La mort de Moustapha Sylla, en plein match, le dimanche 5 mars 2023 a fait ressurgir les failles du système médical du football local ivoirien.

De notre correspondant en Côte d'Ivoire

Sylla Moustapha
Victime d'un malaise en plein match, Sylla Moustapha décède à l'hôpital

Un drame et des questions. Moustapha Sylla, joueur du Racing Club d'Abidjan , s'est effondré le dimanche 5 mars 2023 en plein match face à SOL FC, après un malaise cardiaque. Il était 18h30 GMT. L'attaquant le plus proche de lui a aussitôt alerté les secours qui ont mis 15 mn avant de l'évacuer.
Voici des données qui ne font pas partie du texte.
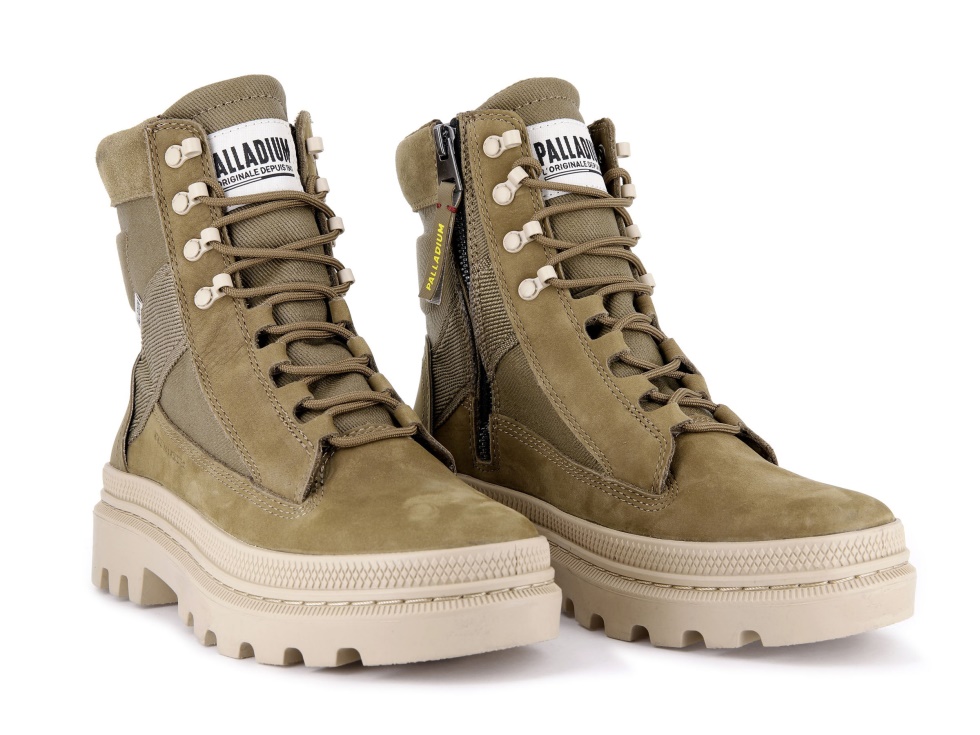 Palladium Pallatrooper Olive Tactique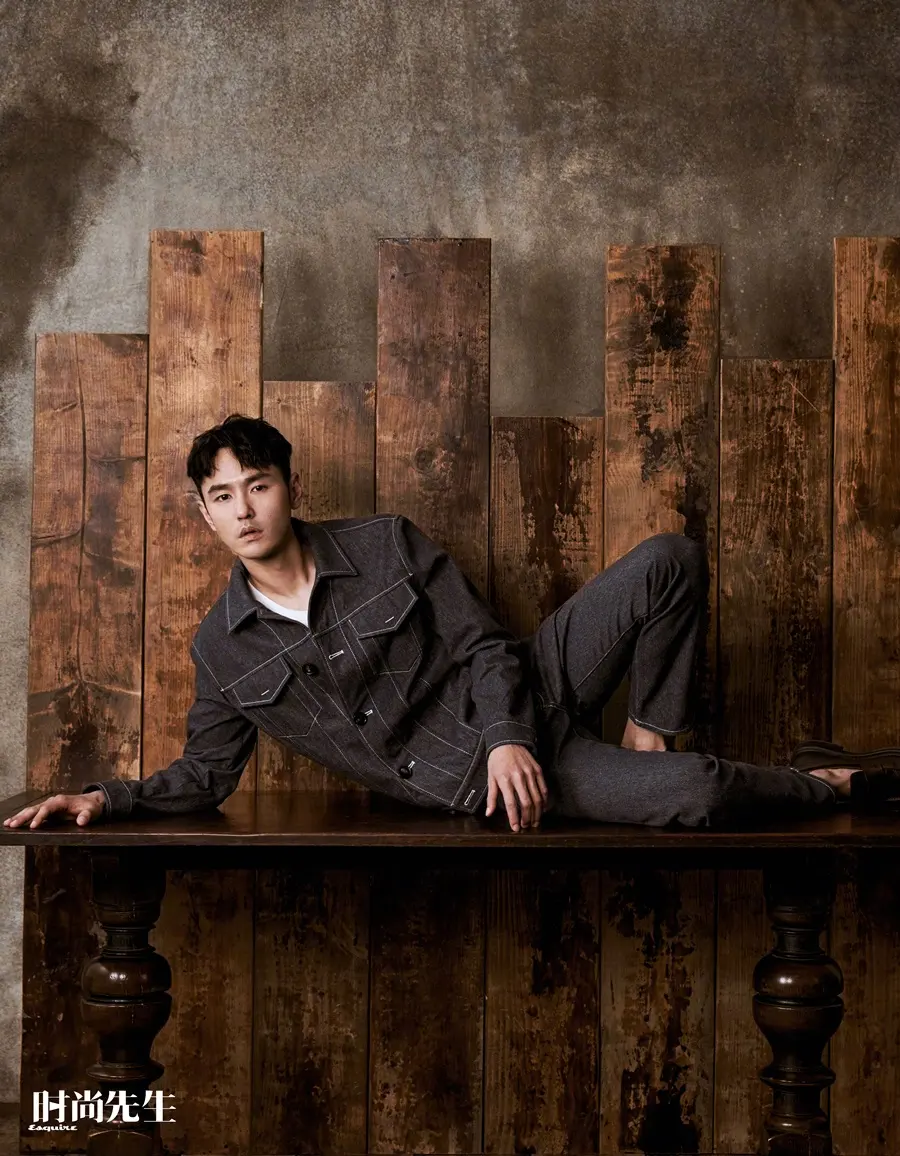 Ethan Juan @ Esquire China May 2024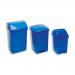 Flip Top Bin Composite Plastic 60 Litres Blue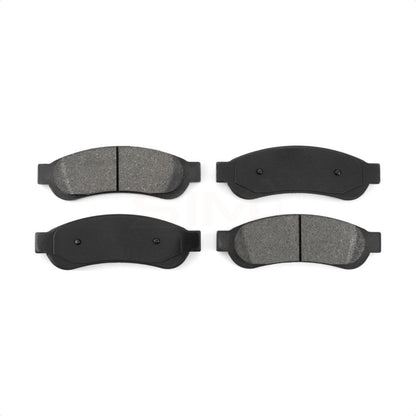 Plaquettes de frein à disque semi-métalliques arrière, pour Ford F-350 Super Duty F-250 F-450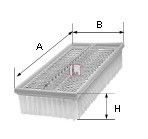 Sofima Luchtfilter S6810A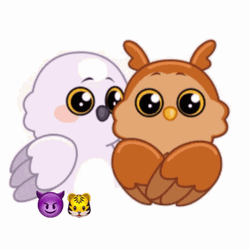 Buenas Noches Buho GIF
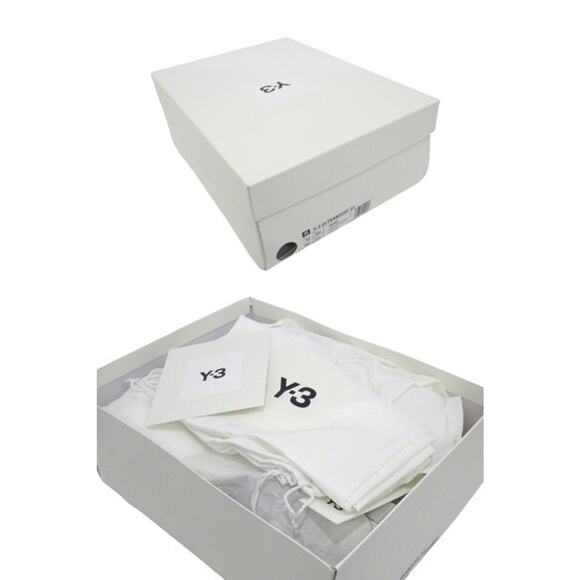 adidas Y-3 Ultraboost 22 Men\'s Sneakers, Core White/Cream White/White, 11.5 M main image 7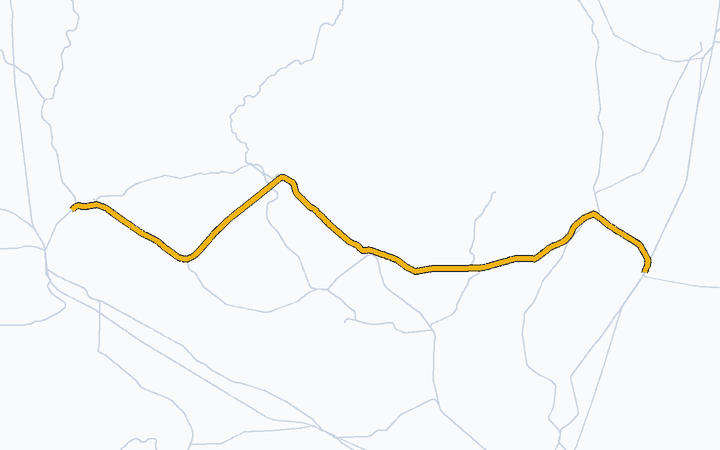 両毛線（小山～新前橋）の路線図（東日本旅客鉄道）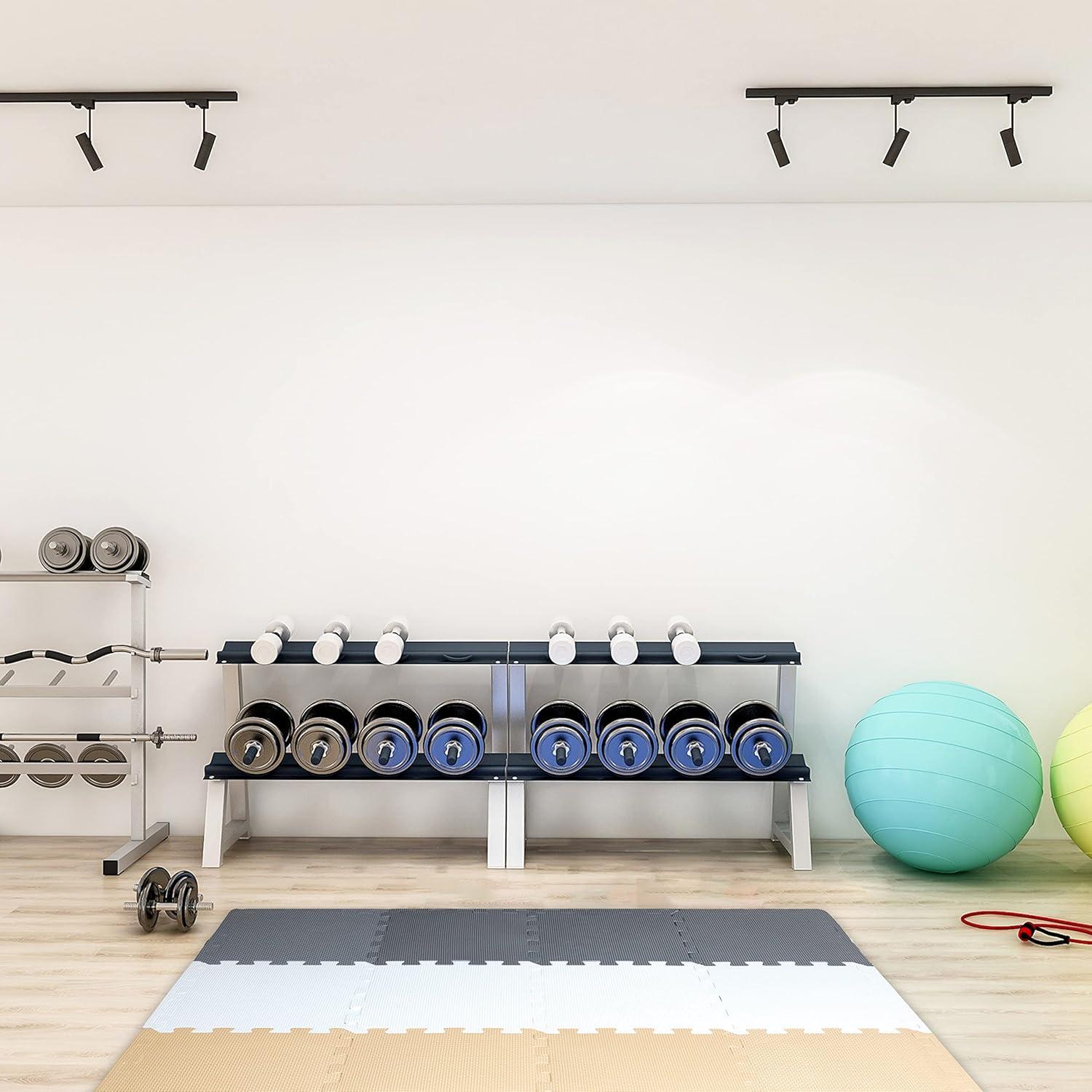 Mats de Juego de Espuma Suave Angels 32 Pcs 1.48 m² No Tóxicos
Une situation qui a eu le don de soulever le courroux de ses dirigeants, qui n'ont pas mâché leurs mots devant tant de laxisme. « Notre joueur n'a reçu aucune assistance car l'ambulance présente dans l'enceinte du Stade Champroux de Marcory n'avait pas de défibrillateur », a confié, en larmes, le président Cissé Souleymane, à la télévision Ivoirienne. La nouvelle s'est répandue comme une traînée de poudre, après le match soldé par la victoire du RCA 3 buts à 1. Un succès anecdotique face à l'incroyable levée de bouclier qui s'en est suivie.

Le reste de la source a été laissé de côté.